- _Dataset entries_
──────

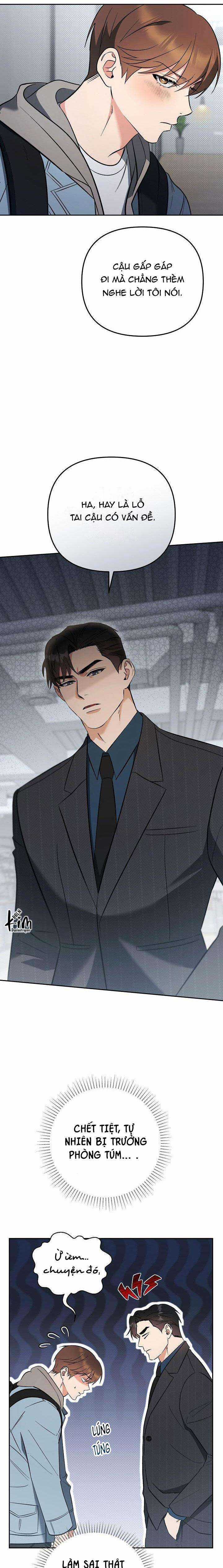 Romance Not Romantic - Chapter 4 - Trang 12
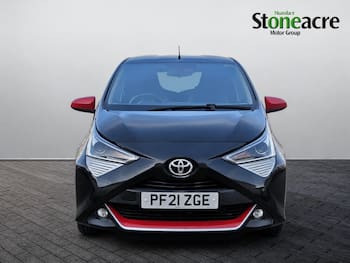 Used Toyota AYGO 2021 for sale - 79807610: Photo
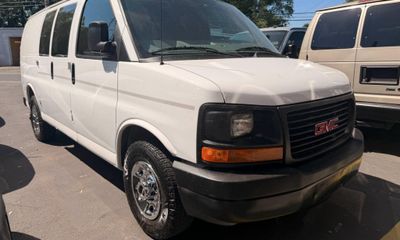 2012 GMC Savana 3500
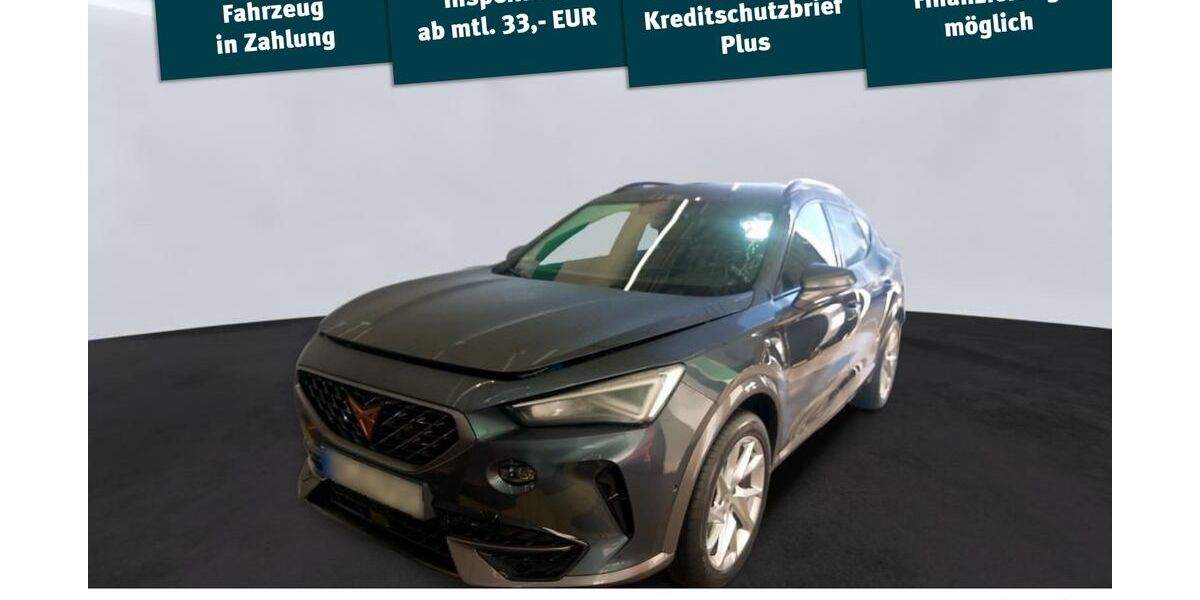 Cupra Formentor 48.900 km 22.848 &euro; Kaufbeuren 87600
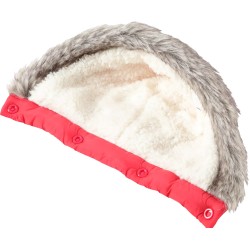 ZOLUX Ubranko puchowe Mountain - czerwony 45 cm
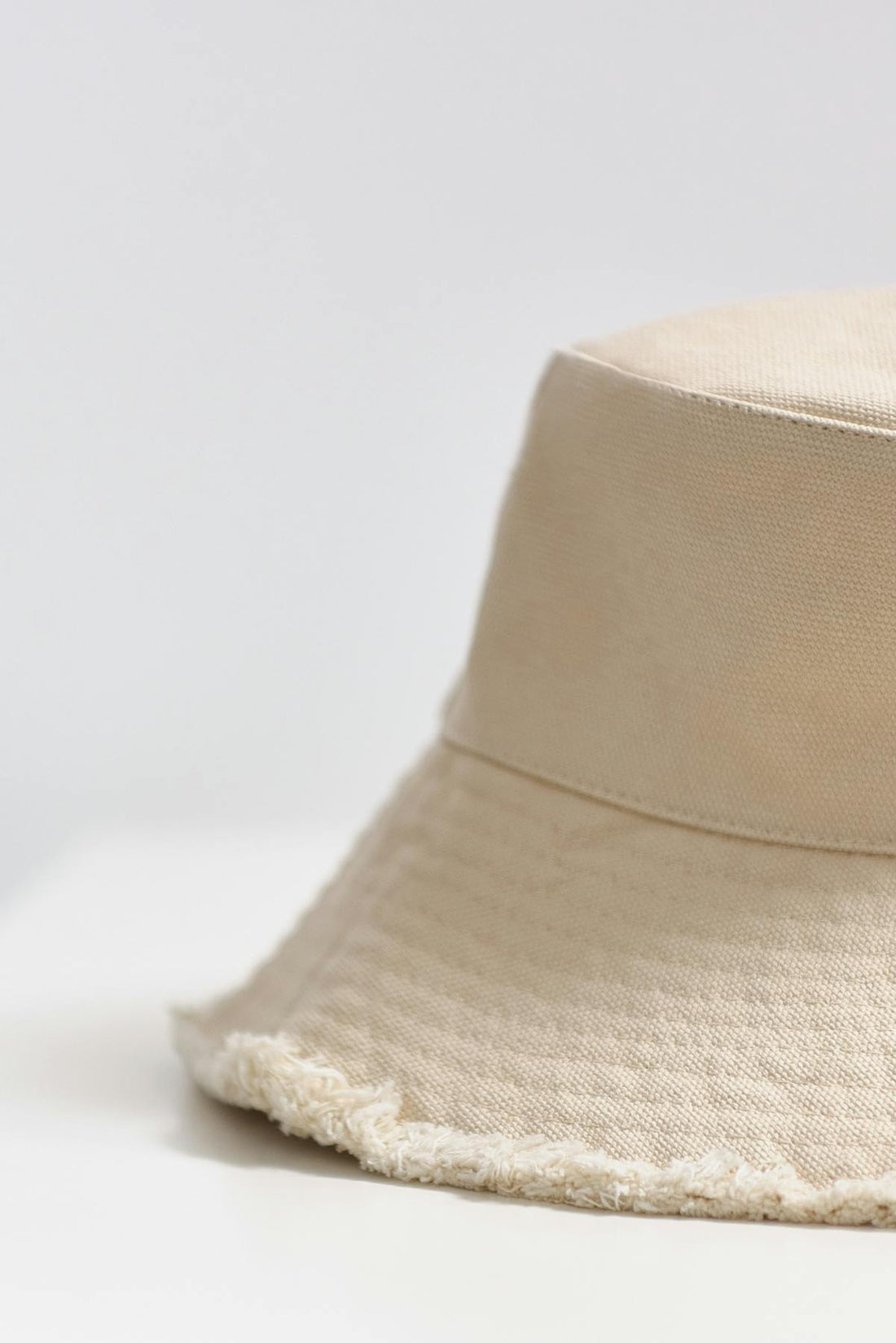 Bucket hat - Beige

──────

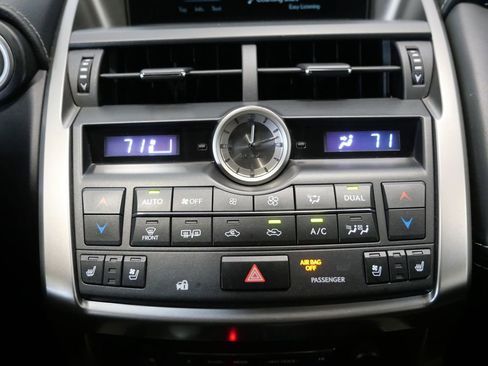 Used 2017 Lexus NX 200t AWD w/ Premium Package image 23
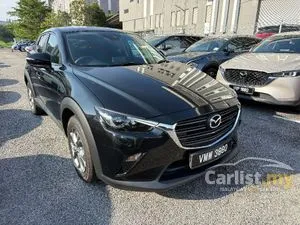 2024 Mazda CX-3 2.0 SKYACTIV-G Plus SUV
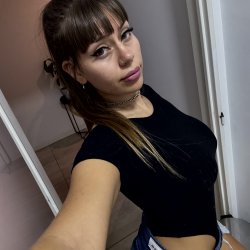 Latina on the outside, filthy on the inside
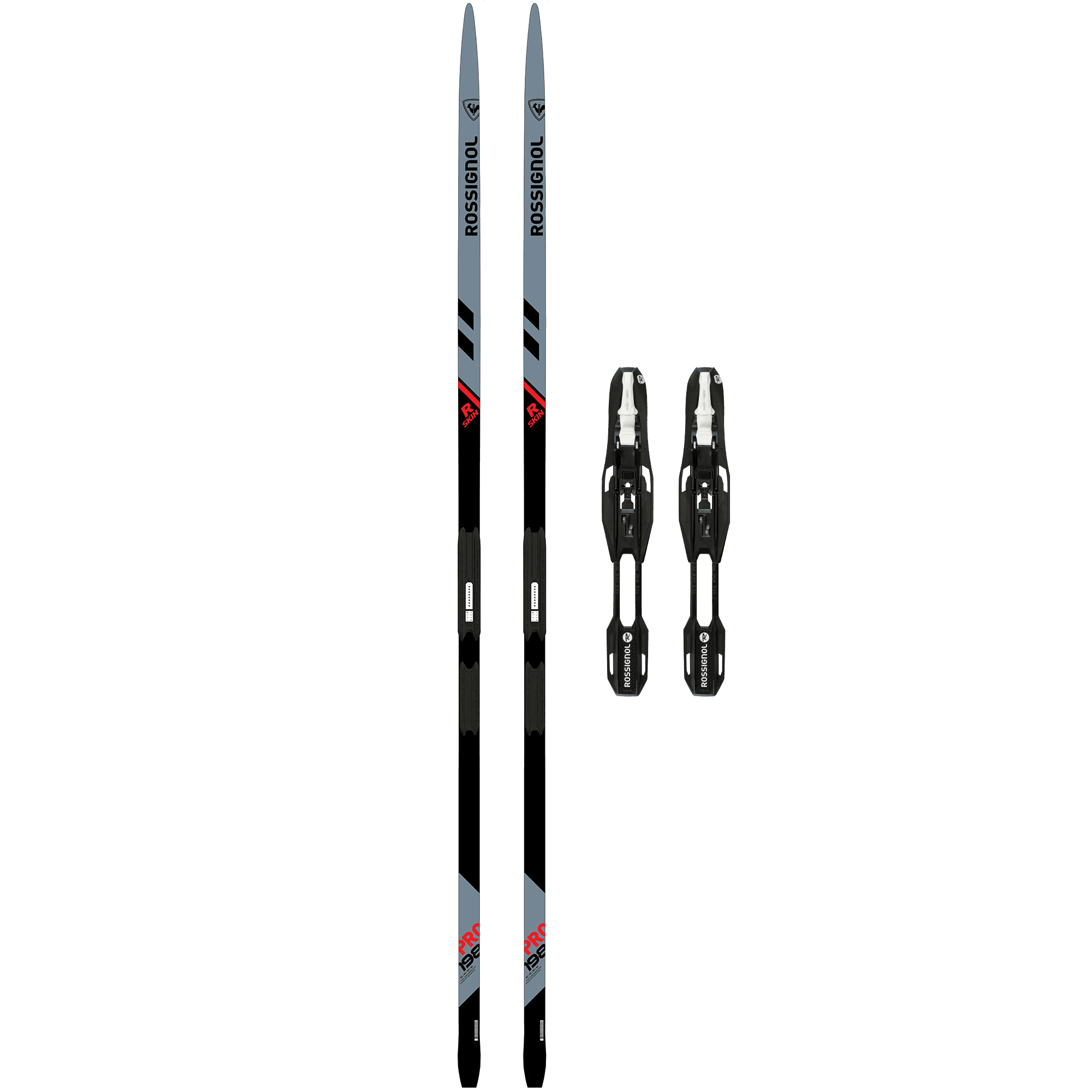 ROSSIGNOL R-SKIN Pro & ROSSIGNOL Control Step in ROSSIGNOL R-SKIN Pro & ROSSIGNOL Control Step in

──────

- _What to produce_
Could you write out exactly the lines of the data above that run from the one holding "Cupra Formentor 48.900" to the one holding "Bucket hat - Beige", with both ends in and all pictures out?

- _Exercise solution_
 Cupra Formentor 48.900 km 22.848 &euro; Kaufbeuren 87600
 ZOLUX Ubranko puchowe Mountain - czerwony 45 cm
 Bucket hat - Beige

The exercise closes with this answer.